Keegan Bradley had a Tour Championship to forget, but the New England native put a disappointing finish to the end of the FedEx Cup series behind him as he took to Twitter to voice his enthusiasm for the next item on his busy 2012 schedule — this week’s Ryder Cup.
“It’s FINALLY Ryder cup time!! #USA” Bradley tweeted on Sunday, after carding a final-round 4-over 74 at East Lake, which dropped him to 7-over for the tourney and into a tie for 23rd out of 30 players. He also ended up 21st in the season-ending FedEx Cup points race.
But now it’s on to Medinah Country Club for the biennial tilt between Bradley’s U.S. squad and Team Europe, led by world No. 1 Rory McIlroy.
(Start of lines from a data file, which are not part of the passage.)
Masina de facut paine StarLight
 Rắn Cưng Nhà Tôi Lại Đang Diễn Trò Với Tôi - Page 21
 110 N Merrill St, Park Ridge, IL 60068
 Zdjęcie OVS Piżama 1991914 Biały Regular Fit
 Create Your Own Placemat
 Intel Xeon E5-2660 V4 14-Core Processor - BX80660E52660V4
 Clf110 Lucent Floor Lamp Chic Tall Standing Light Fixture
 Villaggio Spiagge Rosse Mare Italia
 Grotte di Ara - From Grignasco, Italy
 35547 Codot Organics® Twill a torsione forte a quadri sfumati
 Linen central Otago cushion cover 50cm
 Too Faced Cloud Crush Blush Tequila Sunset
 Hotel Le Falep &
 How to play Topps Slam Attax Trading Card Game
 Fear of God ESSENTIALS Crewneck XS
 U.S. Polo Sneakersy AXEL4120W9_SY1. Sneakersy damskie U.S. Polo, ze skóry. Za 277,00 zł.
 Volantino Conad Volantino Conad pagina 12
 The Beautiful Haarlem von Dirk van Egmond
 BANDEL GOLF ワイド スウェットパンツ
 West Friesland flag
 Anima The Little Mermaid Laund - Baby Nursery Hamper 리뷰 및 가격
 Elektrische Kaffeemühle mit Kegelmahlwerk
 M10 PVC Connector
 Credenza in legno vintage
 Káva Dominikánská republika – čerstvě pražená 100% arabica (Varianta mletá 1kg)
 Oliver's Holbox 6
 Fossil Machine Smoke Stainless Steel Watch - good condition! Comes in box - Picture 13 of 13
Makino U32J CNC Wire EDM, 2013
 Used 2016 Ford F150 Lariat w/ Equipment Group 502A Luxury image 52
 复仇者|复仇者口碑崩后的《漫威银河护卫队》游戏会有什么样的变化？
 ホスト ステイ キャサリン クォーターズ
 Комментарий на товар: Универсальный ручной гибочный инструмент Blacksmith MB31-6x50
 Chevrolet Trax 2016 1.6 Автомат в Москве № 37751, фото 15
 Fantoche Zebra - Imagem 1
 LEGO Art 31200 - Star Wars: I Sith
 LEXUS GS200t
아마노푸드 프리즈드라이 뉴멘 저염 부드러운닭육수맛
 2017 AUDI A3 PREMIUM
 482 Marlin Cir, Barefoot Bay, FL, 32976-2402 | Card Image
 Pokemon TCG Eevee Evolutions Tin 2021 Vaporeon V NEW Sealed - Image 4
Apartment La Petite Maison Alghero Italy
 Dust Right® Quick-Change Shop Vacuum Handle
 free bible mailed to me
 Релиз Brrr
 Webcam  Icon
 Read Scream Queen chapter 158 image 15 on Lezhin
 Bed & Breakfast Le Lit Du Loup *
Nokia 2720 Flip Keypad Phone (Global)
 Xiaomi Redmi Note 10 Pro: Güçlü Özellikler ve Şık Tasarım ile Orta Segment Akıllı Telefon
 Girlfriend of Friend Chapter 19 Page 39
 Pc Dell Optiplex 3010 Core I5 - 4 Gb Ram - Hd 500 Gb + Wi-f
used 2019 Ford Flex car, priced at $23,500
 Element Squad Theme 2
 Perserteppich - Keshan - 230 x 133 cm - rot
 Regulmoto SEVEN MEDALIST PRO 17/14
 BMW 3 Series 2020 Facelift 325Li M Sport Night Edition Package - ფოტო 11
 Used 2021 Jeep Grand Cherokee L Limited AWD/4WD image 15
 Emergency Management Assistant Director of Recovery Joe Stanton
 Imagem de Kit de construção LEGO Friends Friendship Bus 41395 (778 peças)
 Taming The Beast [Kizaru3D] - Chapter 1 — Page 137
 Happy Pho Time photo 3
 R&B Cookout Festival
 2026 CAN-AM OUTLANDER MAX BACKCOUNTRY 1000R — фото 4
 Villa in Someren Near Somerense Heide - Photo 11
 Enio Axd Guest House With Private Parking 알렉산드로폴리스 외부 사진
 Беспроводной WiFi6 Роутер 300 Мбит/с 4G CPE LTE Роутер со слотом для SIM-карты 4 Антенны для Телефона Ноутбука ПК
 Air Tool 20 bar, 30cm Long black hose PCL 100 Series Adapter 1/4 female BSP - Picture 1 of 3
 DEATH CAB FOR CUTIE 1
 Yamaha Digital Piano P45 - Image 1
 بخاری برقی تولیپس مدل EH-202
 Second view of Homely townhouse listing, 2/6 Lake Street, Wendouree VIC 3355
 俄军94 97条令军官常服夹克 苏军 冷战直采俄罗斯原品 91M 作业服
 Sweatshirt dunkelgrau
The three-time PGA Tour winner told the Chicago Tribune he could not wait for the steaming cauldron of competition that will be his introduction to the Ryder Cup.
“When I get into those moments — intense, serious moments — I really love it,” said Bradley, who added the 2012 Bridgestone Invitational title to a resume that included last year’s PGA Championship. “I really enjoy that Sunday back-nine feel.”
Should one need any proof of Bradley’s ability to step on his opponents’ throats (a much sought-after skill in the intense international matches), Bradley rebounded from a horrific triple bogey in the final round to win in a playoff the first major he ever started.
Bradley is one of four tour golfers — including Sunday’s Tour Championship and FedEx Cup winner Brandt Snedeker — who will make their Ryder Cup debuts for the home team starting Friday in Chicago. We’ll soon see if they can shoulder the burden of the American’s hopes to capture the cup from their European counterparts.
After all, grizzled vets like Tiger Woods, Phil Mickelson, Jim Furyk, and Steve Stricker have been able to muster only two wins in the previous eight contests — leading Johnny Miller to state what many may have been wary of saying aloud.
“Historically, we suck at the Ryder Cup,” the outspoken NBC analyst recently opined.
Miller also said he looked forward to seeing what the “young blood” could do to reverse the United States’ losing ways.
Count Bradley as up for the challenge.
“I’ve prepared to do this my whole life,” Bradley, 26, told the Tribune. “And now that I’ve got a chance to be there, I feel ready to play well.”